— DESCRIPTION OF THE TASK —
Copy the closing run of lines, from the one with "in the tissues is" through the last line of the listing, exactly and without any pictures.

— SOURCE MATERIAL —
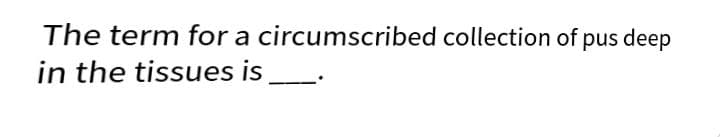 The term for a circumscribed collection of pus deep
in the tissues is
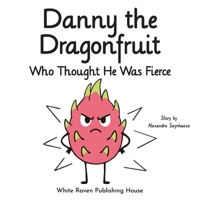 Danny the Dragonfruit Who Thought He Was Fierce (Silly Fruit Alphabet) 9887197440 Book Cover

— RESPONSE FOR THIS EXERCISE —
in the tissues is
 Danny the Dragonfruit Who Thought He Was Fierce (Silly Fruit Alphabet) 9887197440 Book Cover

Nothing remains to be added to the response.